[Items listed in a dataset]
>>>
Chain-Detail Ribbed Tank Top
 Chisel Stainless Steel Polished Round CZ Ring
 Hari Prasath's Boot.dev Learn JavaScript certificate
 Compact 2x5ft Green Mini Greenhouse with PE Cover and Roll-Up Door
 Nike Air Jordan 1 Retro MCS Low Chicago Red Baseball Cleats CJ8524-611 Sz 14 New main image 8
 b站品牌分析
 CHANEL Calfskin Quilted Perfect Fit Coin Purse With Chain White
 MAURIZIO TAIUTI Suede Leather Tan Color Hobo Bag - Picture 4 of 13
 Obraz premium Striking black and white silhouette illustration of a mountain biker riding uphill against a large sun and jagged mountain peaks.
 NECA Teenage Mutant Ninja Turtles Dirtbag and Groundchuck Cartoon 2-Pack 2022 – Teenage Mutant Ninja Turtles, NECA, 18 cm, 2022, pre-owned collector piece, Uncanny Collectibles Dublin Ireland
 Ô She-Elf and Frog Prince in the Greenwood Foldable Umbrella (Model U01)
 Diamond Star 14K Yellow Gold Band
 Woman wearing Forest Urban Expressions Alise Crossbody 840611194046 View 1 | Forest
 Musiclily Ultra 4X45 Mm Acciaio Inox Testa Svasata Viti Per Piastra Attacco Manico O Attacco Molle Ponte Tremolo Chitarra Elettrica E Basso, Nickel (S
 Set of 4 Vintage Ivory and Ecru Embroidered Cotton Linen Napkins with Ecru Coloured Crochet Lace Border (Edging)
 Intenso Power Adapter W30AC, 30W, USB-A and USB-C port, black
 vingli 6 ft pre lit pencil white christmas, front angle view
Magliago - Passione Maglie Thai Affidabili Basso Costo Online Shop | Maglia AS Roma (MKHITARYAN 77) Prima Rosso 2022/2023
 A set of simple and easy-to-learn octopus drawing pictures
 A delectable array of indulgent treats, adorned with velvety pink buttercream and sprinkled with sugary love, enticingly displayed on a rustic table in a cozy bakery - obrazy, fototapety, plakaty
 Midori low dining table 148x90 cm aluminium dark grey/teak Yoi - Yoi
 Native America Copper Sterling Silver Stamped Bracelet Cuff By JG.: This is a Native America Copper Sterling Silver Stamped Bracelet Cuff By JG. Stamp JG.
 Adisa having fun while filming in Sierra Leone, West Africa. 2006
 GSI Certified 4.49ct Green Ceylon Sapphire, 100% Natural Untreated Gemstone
<<<
● Activity: Look through the entries above and report the number of lines that contain "Chain". Write only the number.

● Answer below: 2